EXERCISE INSTRUCTIONS: Return all the lines below exactly. Any picture among them is omitted.

======== GIVEN MATERIAL

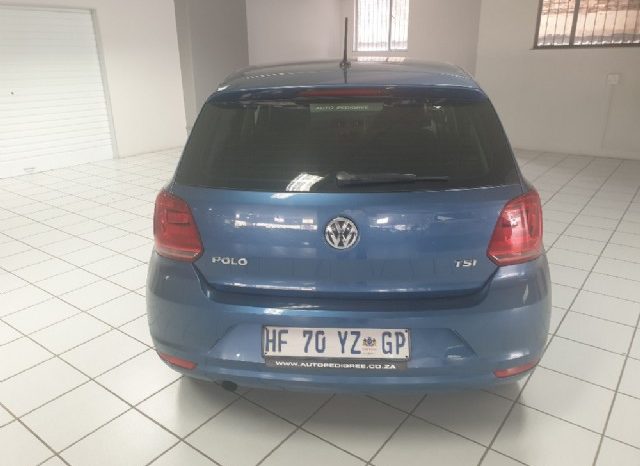 Volkswagen Polo 1.2 TSI Trendline (66KW) 2018 full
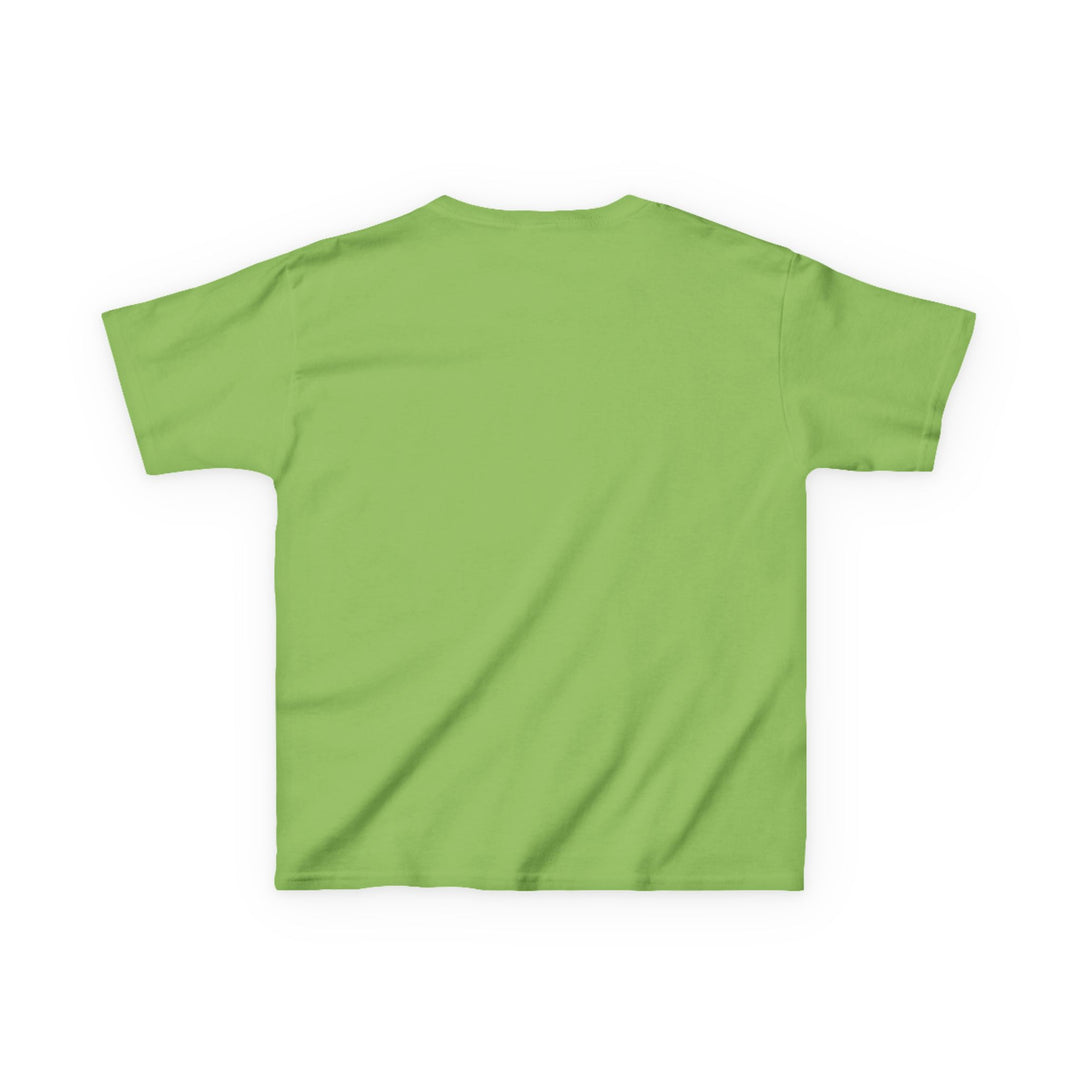 Kids Life is Better Outside Tee - Heavy Cotton T-Shirt for Outdoor Adventures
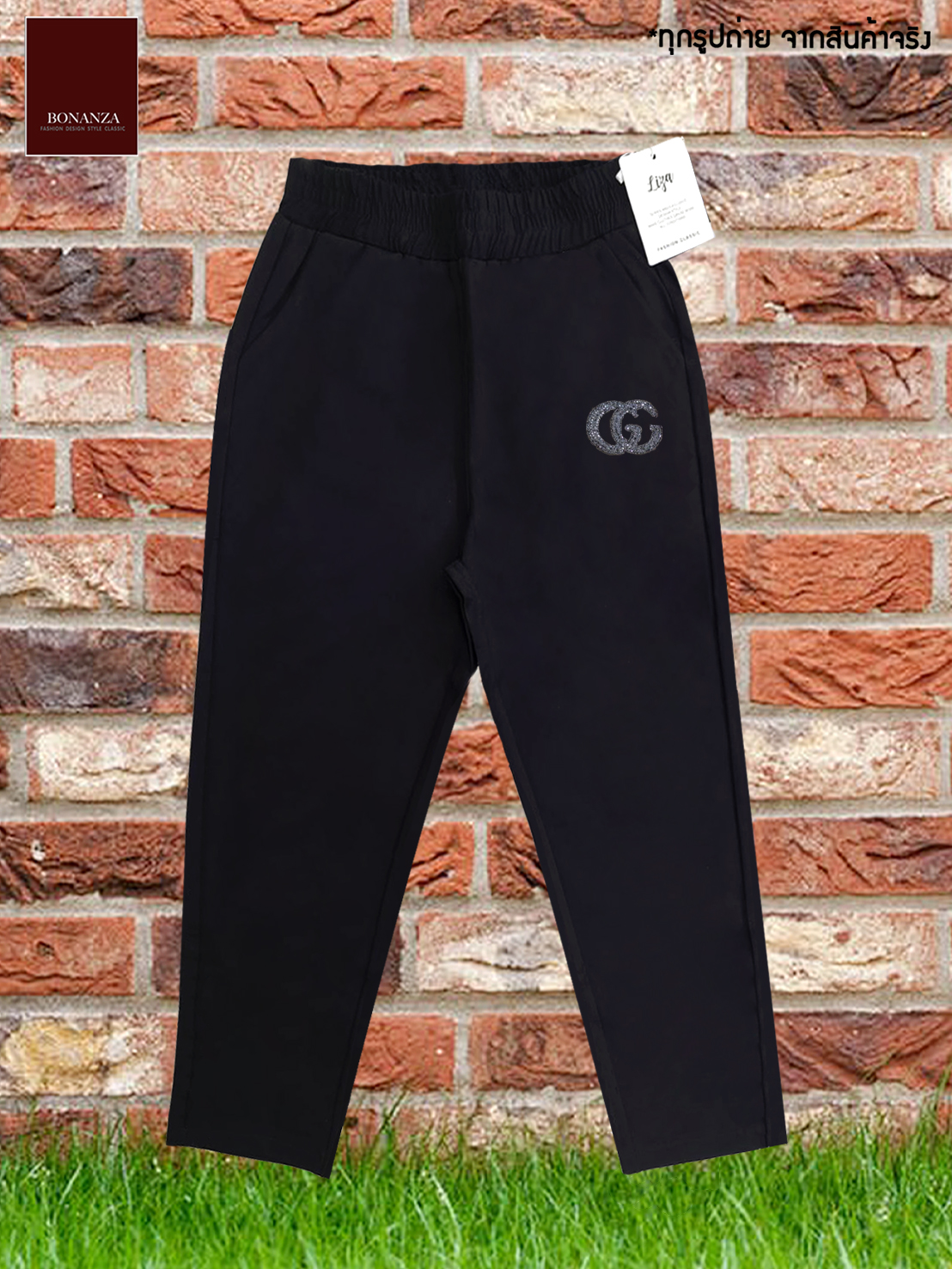#BIG size# 5ส่วน กางเกงเลคกิ้งเนื้อเด้ง#รุ่นผ้าหนา#มีน้ำหนักอย่างดี# 2 สี : ดำและกาแฟ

================

TASK ANSWER:
 Volkswagen Polo 1.2 TSI Trendline (66KW) 2018 full
 Kids Life is Better Outside Tee - Heavy Cotton T-Shirt for Outdoor Adventures
#BIG size# 5ส่วน กางเกงเลคกิ้งเนื้อเด้ง#รุ่นผ้าหนา#มีน้ำหนักอย่างดี# 2 สี : ดำและกาแฟ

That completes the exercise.